Activity: Would you reproduce, word for word, only the lines running from the top of the data through the line containing "USAMS καλώδιο USB-C", and none of the pictures?

(Short descriptive text snippets)
------------------------------------

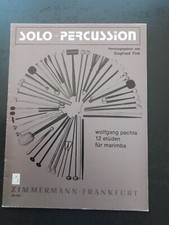 PARTITION - WOLFGANG PACHLA - 12 ETUDES POUR MARIMBA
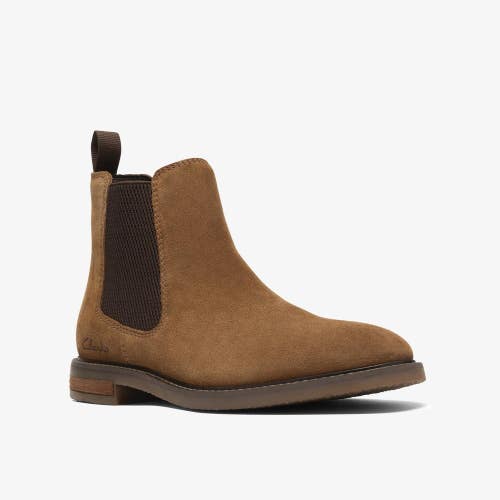 Clarks Jaxen Easy 26327310 Boots Mens Cola Suede Round Toe Ankle Chelsea LIQ1924
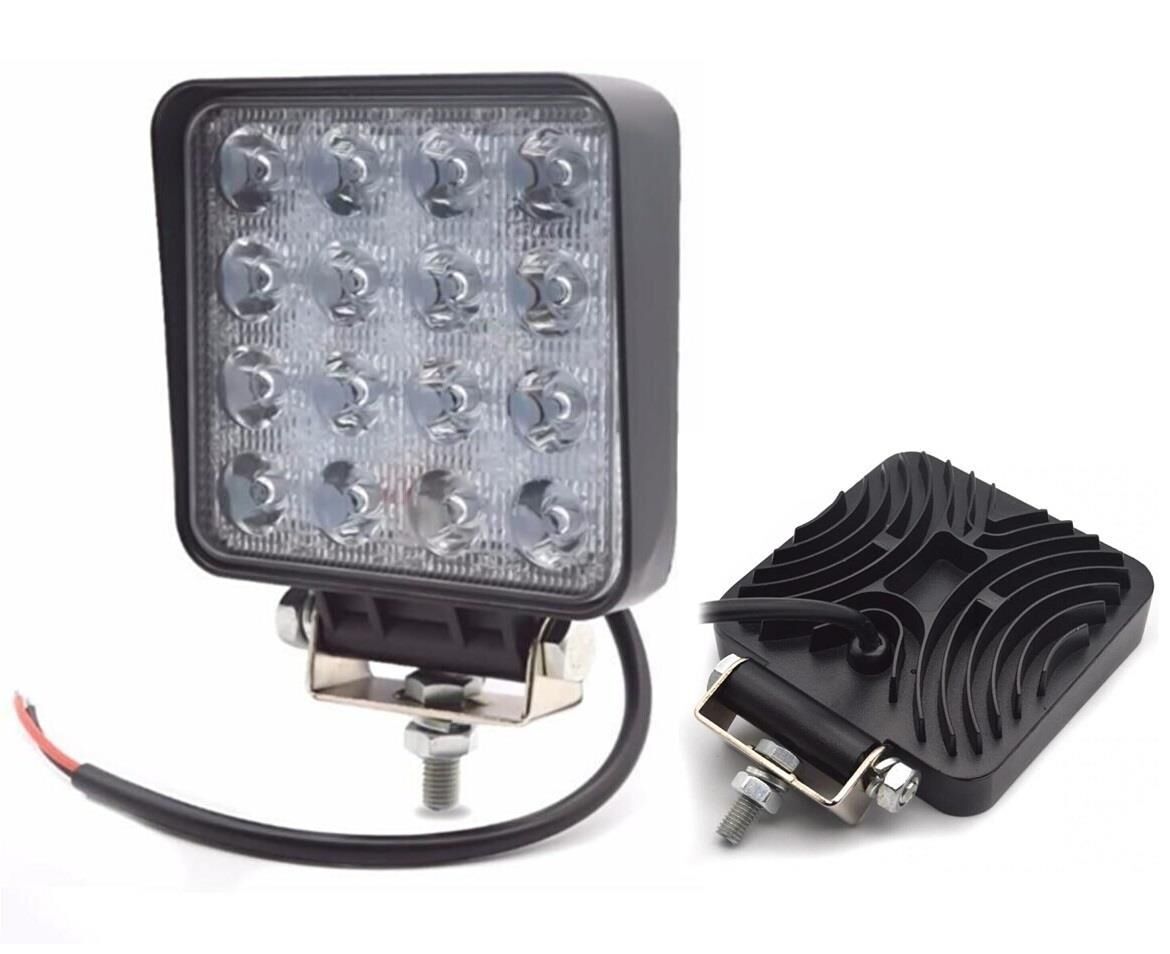 16 Ledli Kare Far 12V-80V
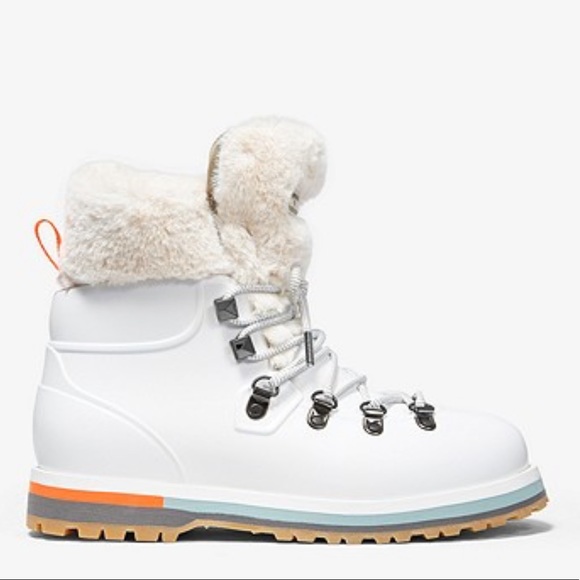 Michael Kors PVC FAUX FUR Rain Boots NWOB - Picture 2 of 3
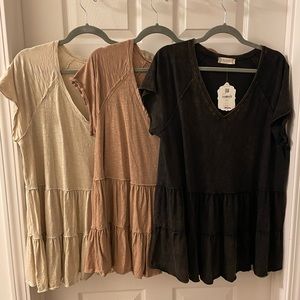 3 Babydoll tees arula a beautiful soul Altar’d state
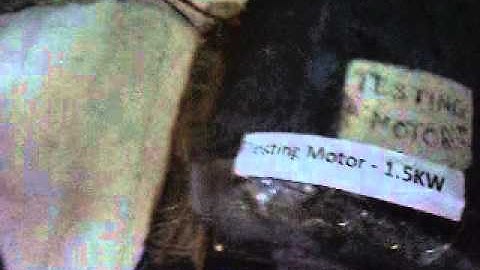 INVT Drive -- 5.5 KW --Test run video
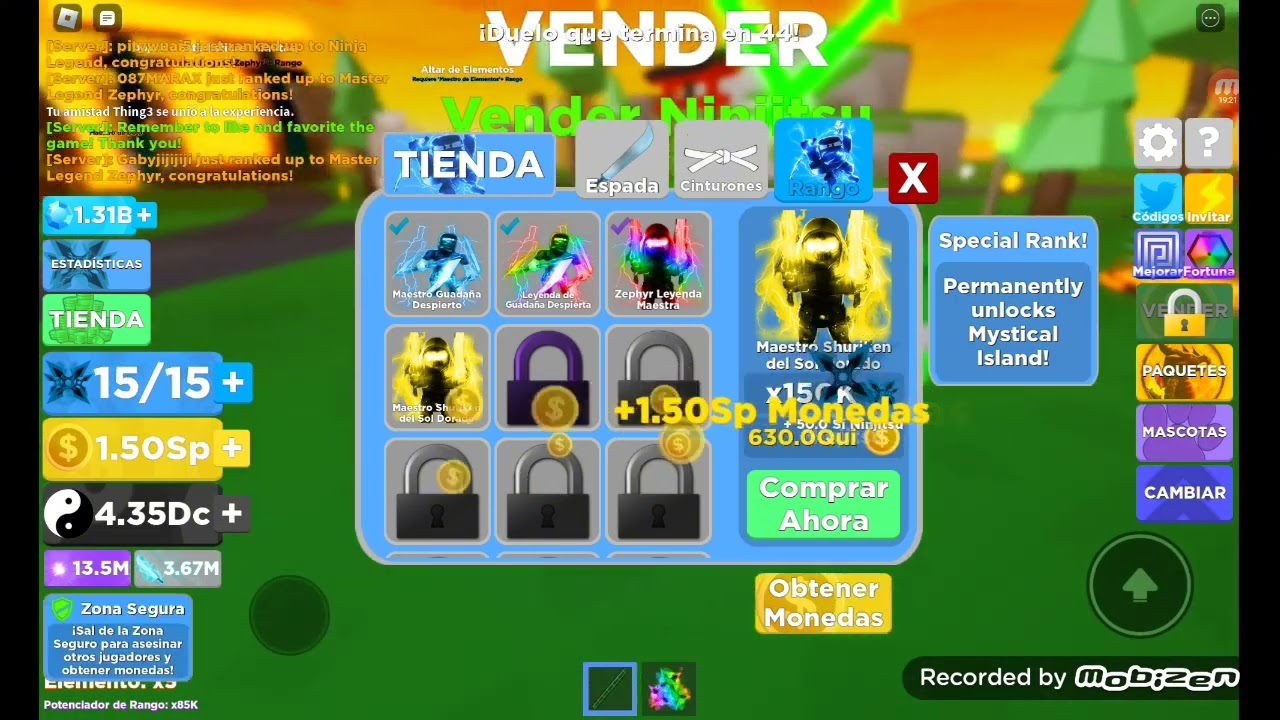BUG DE LAS ISLAS EN NINJA LEGENDS (TUTORIAL)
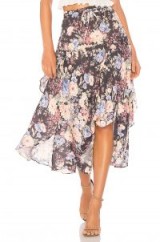 AUGUSTE DAHLIA CASCADE SKIRT | floral asymmetric skirts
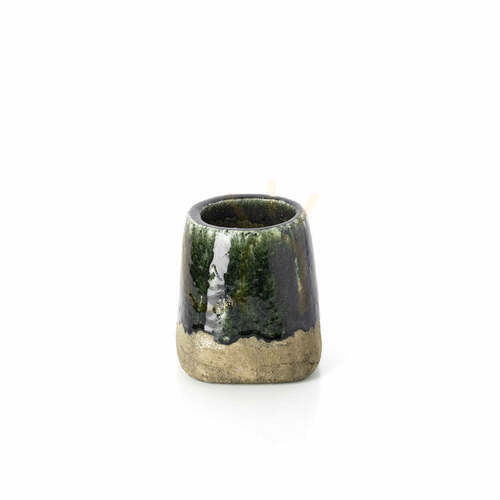 Sprawdź Doniczka The Moss Conical Concrete Green S 17x17x18,5 cm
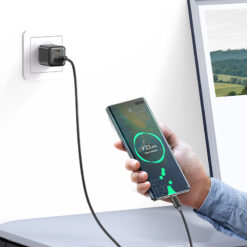 USAMS καλώδιο USB-C σε USB US-SJ688, 3A, 480Mbps, 1m, μπλε USB-C (Type-C) USB-C 2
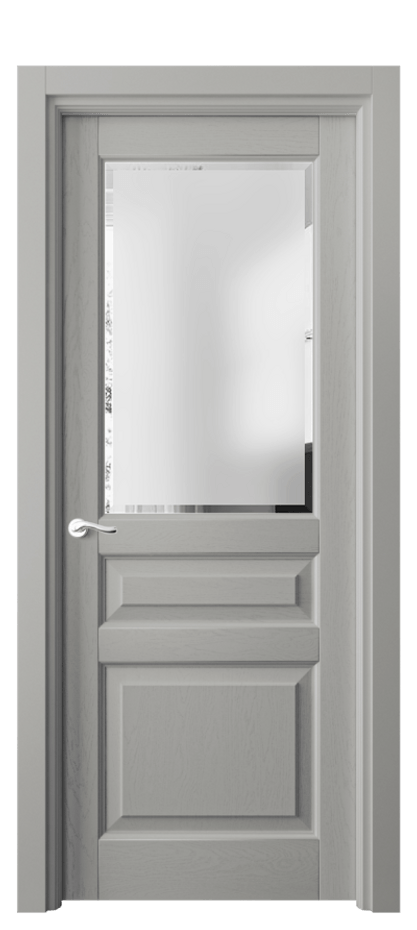 Дверь межкомнатная Лигнум 0710 Дуб нейтральный серый Сатинированное стекло с фацетом Гладкий наличник ДНСР Цена 7310 Br Наличники уже входят в базовый комплект. Фабрика дверей Волховец 8 (800) 551 43 19 Межкомнатная дверь Лигнум 0710 Дуб нейтральный серый Сатинированное стекло с фацетом Цена 7310 Br | Volhovec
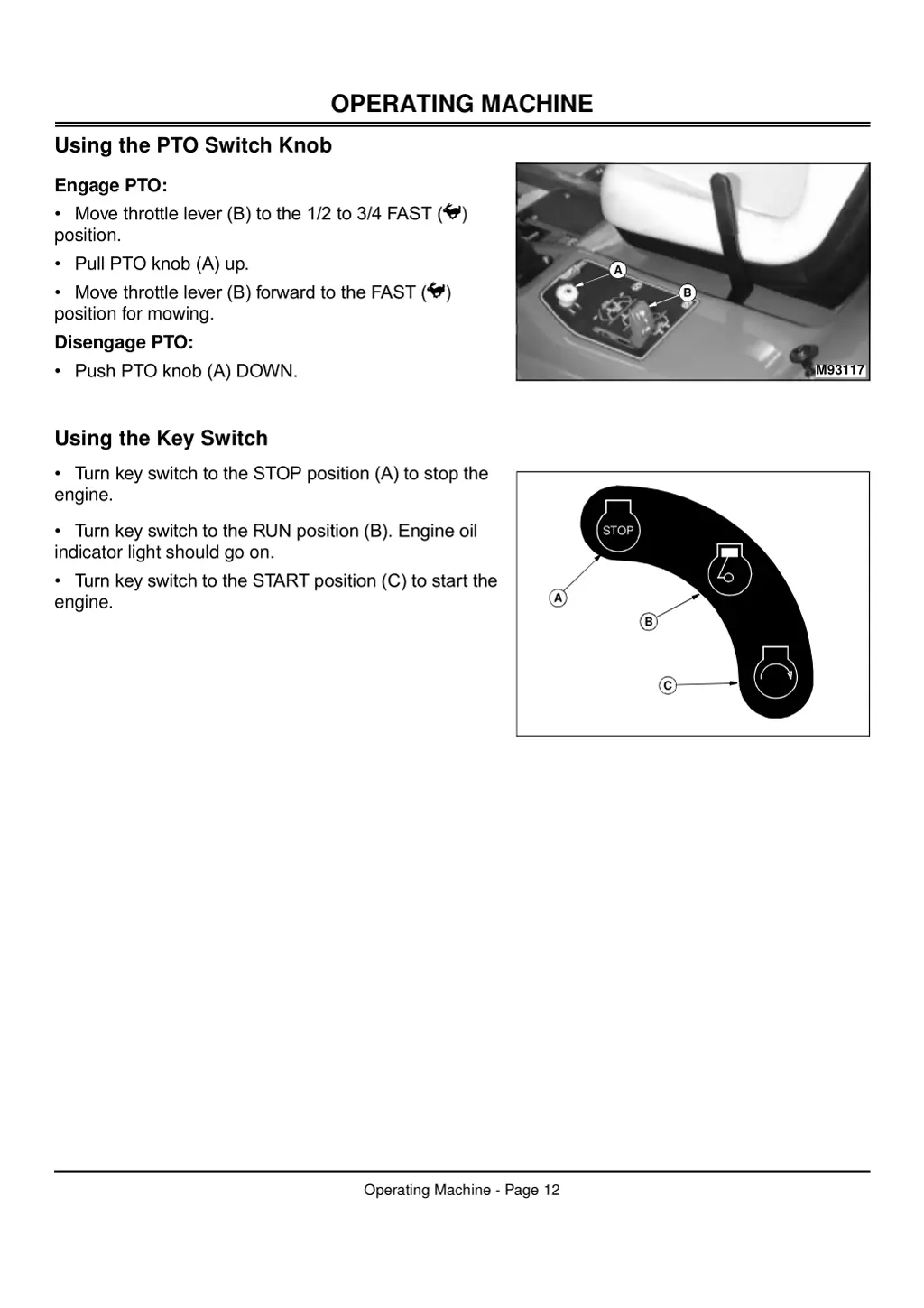 operating machine 7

------------------------------------

Exercise output:
 PARTITION - WOLFGANG PACHLA - 12 ETUDES POUR MARIMBA
 Clarks Jaxen Easy 26327310 Boots Mens Cola Suede Round Toe Ankle Chelsea LIQ1924
 16 Ledli Kare Far 12V-80V
 Michael Kors PVC FAUX FUR Rain Boots NWOB - Picture 2 of 3
 3 Babydoll tees arula a beautiful soul Altar’d state
 INVT Drive -- 5.5 KW --Test run video
BUG DE LAS ISLAS EN NINJA LEGENDS (TUTORIAL)
 AUGUSTE DAHLIA CASCADE SKIRT | floral asymmetric skirts
 Sprawdź Doniczka The Moss Conical Concrete Green S 17x17x18,5 cm
 USAMS καλώδιο USB-C σε USB US-SJ688, 3A, 480Mbps, 1m, μπλε USB-C (Type-C) USB-C 2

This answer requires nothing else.